Once you get past who's included and who's left out, though, the show is frequently exhilarating, especially for anyone who appreciates the primacy of painting. The exhibition gets off to an inauspicious start, with a small, untitled oil painting from around 1953 by Joan Mitchell. It's a fine little abstract, dominated by a few swaths of bold red, by one of the most prominent second-generation abstract expressionists, but it hardly prepares us for the grandeur of much of what soon follows.

Italian Landscape, for instance, is nothing if not grand — a narrative-packed vista by Thomas Cole in which the expansive landscape dwarfs the 18 human figures scattered throughout it. Cole, who was born in England but moved to America when he was 18, is credited as the founder of the Hudson River School of painting, and this landscape from 1839, though set in Europe, shows how he helped redefine American landscape painting.

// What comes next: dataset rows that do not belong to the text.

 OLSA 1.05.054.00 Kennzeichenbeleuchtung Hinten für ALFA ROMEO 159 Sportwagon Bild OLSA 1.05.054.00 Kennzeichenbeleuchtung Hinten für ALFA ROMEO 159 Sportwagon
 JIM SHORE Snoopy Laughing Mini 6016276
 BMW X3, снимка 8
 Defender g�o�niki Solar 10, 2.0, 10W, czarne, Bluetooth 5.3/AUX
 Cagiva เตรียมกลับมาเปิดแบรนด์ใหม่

As thrilling as Cole's canvas is, however, it is almost upstaged a little farther into the show by The Oregon Trail, a magnificent sun-drenched landscape by Albert Bierstadt in 1869. Another European transplant — he was born in Prussia — Bierstadt first ventured into the American West in 1859 as part of an Interior Department survey to find a new wagon route to California. This painting, created the same year the first transcontinental railroad was completed, encapsulates both the artist's own journey and the country's westward expansion, seen as a romantic example of Manifest Destiny.

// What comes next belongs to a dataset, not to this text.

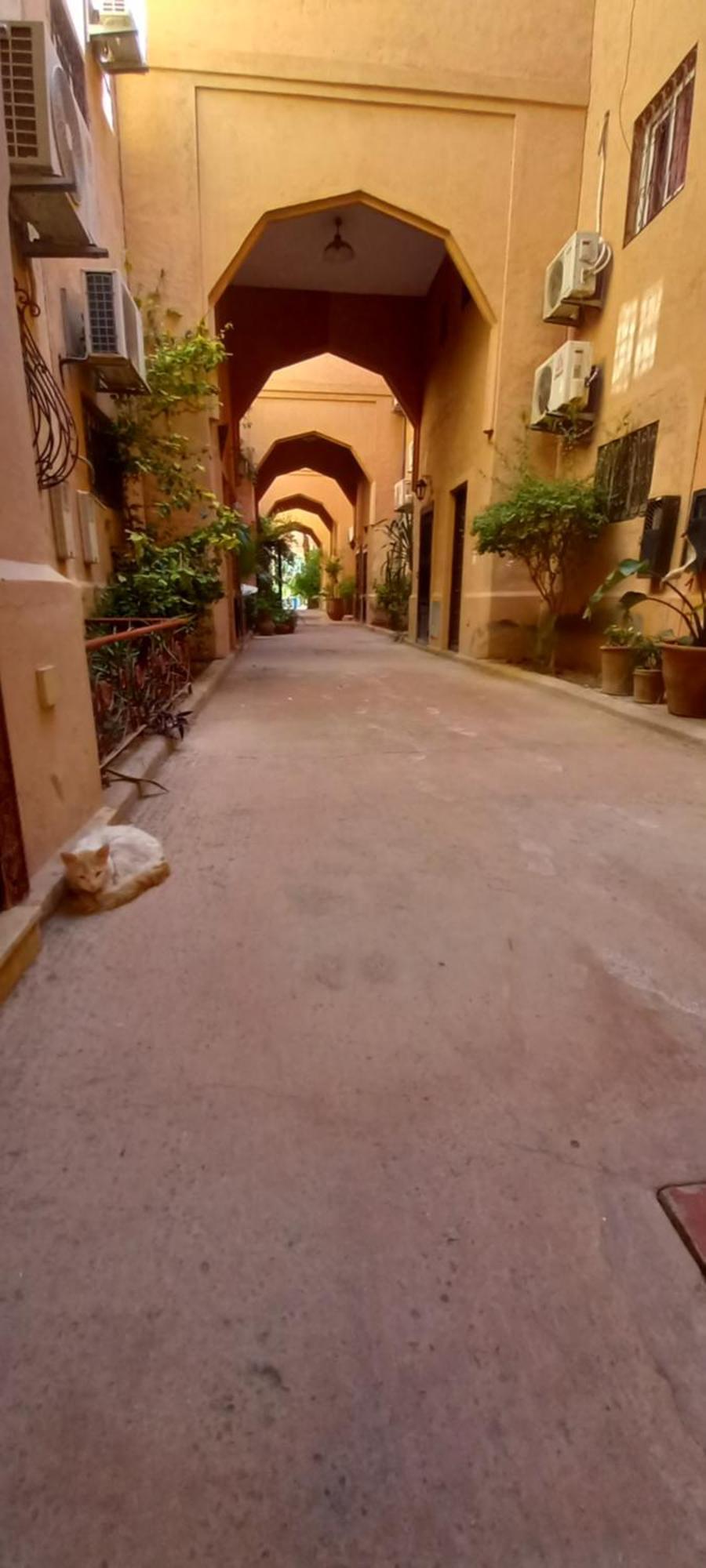 Riad Al-Bushra Марракеш Екстер'єр фото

These two are just high points among the many landscapes included. In contrast with the scale and detail of Cole's and Bierstadt's visions, we get a much more intimate take in Birds of the Bagaduce, an oil-on-board done in 1939 by Marsden Hartley that reduces landscape to a boat-dotted sea under clouds and birds, with a backdrop of distant hills. Ice and Clouds is a similarly elemental landscape by Arthur G. Dove, often considered the first American abstract painter.

The exhibition plunges into the early 20th Century with a shift from rural to urban. Manhattan's Misty Sunset, by the great American impressionist Childe Hassam in 1911, replaces landscape with cityscape, as does 1927's Der Pulverturm ("The Powdertower"), which perfectly sums up Lyonel Feininger's distinctive use of crisp angles and geometric forms. Edward Hopper's charcoal House in Charleston, SC from 1929 takes us from the great American outdoors into an interior more reflective of a state of mind.

It's difficult to make broad statements of a show that steadfastly resists summing up. At various points, a narrative seems to be taking shape, only to be disrupted by the appearance of something like Robert Motherwell's Collage with Ochre, a 1958 work that deconstructs a package salvaged from the mail. And how can such a small sampling of American art hope to establish context for a talent as singular and iconoclastic as Jackson Pollock at the height of his powers in 1950, suggested here by Silver & Black?

Just as landscapes dominate large stretches of the exhibition, there's a section near the end that emphasizes portraits. Thomas Eakins makes his appearance here, with The Coral Necklace, which portrays the Philadelphia sculptor Beatrice Fenton, looking well beyond her 17 years. William McGregor Paxton's Sylvia gives us an unconventionally beautiful woman who looks something like an early-20th-century Helena Bonham Carter.

But once again the flow is interrupted. A large domestic scene painted in 1988 by Janet Fish, Feeding Caitlin, falls uneasily between portraiture and photorealism. The Street, completed in 1957 by Jacob Lawrence (the first black artist added to the permanent collection of New York's Museum of Modern Art), injects social realism into the mix. Andy Warhol's Paul Jenkins is, first and foremost, a Warhol.

Better simply to abandon yourself, as I ultimately did, to "American Treasures." As a representative survey of something as sprawling and unruly as American art, it's hopelessly inadequate. As a tentative introduction to its vast subject, it's full of satisfactions big and small.